Directions for this task - Return the listing below exactly. Leave its pictures out.

The data -
....................

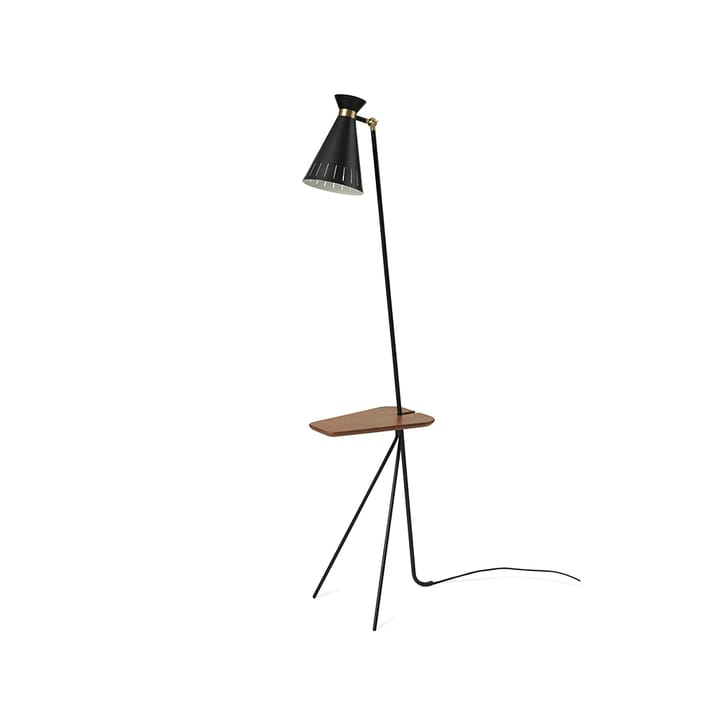 Cone lampa podłogowa - black noir, stół z drewna tekowego, mosiężne detale - Warm Nordic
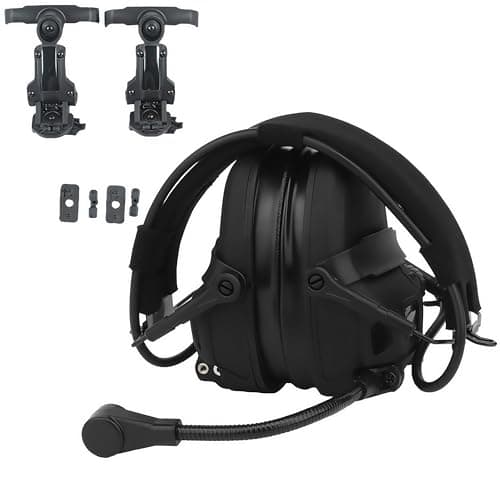 Image of ACEXIER GEN 6 Tactical Headset Non-picking Noise-Cancelling Headset with Robotic Arm Mic for Hunting Paintball CS Militar Helmet (Black)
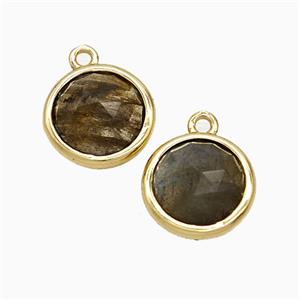 Labradorite Circle Pendant Gold Plated, approx 10mm [GM24813]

....................

Exercise solution -
 Cone lampa podłogowa - black noir, stół z drewna tekowego, mosiężne detale - Warm Nordic
 Image of ACEXIER GEN 6 Tactical Headset Non-picking Noise-Cancelling Headset with Robotic Arm Mic for Hunting Paintball CS Militar Helmet (Black)
 Labradorite Circle Pendant Gold Plated, approx 10mm [GM24813]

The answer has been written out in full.